Cette lecture complotiste ignore la façon de procéder des Américains. Et Rached Ghannouchi n’a fait que saisir l’occasion de cette visite. Une visite en Tunisie programmée essentiellement pour presser les alliés des USA de se ranger de leur côté pour faire face à la crise ukrainienne.
Sachant que le Secrétaire d’État américain, lui même, est en visite à Alger et à Rabat pour la même raison. RG a donc choisi ce moment pour tenter un coup de force qui lui permettra de rebondir politiquement, sans plus. La réponse ferme et menaçante de KS, le contraindra à regagner son abri.
N’empêche que les pressions américaines sur KS continuent à s’exercer. Sauf qu’en lisant méticuleusement le communiqué du département d’État américain à propos de la visite de l’envoyée américaine, l’on se rend compte que ces derniers révisent leurs demandes à la baisse. En incluant le referendum annoncé par le Président. Tout en insistant sur le respect des droits de l’Homme, de la liberté de la presse; et d’éviter de faire juger les civils par les tribunaux militaires.

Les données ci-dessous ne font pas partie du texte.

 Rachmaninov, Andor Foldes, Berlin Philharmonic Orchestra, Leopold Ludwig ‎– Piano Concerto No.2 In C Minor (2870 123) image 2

En rendant visite à l’ISIE, la secrétaire d’État, a aussi affirmé que le referendum et les élections doivent êtres transparentes et libres. Comme si l’on voulait pérenniser cette institution.
Le communiqué nous apprend également que la première des ministres a assuré l’envoyée de sa volonté de respecter les engagements tenus. Et ce, en matière de démocratie, de droits de l’Homme et de libertés fondamentales. Le contenu des contacts tenus en Tunisie avec les journalistes et les représentants de la société civile, reste ambiguë. Et l’ambassade n’a pas annoncé les noms des organismes et des personnes concernés, pour ne pas gêner ses interlocuteurs officiels.
Cependant, une chose est sure, ni Rached Ghannouchi, ni aucun des ses alliés n’ont été invités à ces réunions. Sinon, on le saurait et ces derniers n’auraient jamais raté l’occasion de le crier sur tous les toits.
Ennahdha sera-t-il de la partie?
En contre partie, KS semble lâcher du lest face aux demandes américaines et européennes. Lorsqu’il déclare après cette visite que la fameuse consultation n’est tout au plus qu’un outil pour soutenir l’organisation d’un débat avec des parties qu’il ne nomme toujours pas. Tout cela pour répondre à l’idée du débat « inclusif » annoncé plusieurs fois par les partenaires occidentaux.
Cette visite a quand même eu pour résultat de faire bouger les lignes. Et quoi qu’on dise, KS n’est pas aussi sourd, quand les voix qui s’adressent à lui viennent de l’extérieur, un extérieur qui pèse et qui compte.
Alors, les jours qui viennent vont nous renseigner davantage sur la vraie feuille de route qui s’établit. Sous la pression certes, mais qui semble s’éclaircir. La grande question est: Ennahdha sera-t-elle invitée pour ce débat?
Et déjà des voix s’élèvent du côté des partisans kaisiste pour l’exclure, du moins l’Ennahdha de Rached Ghannouchi. Mais nous pensons qu’elle sera incluse indirectement. Et ce, à travers des personnalités proches, ou à travers ses propres alliés. Car même si elle ne représente plus grand chose, la doctrine des occidentaux veut qu’elle soit « incluse ». Mais pas avant d’avoir payé le prix fort!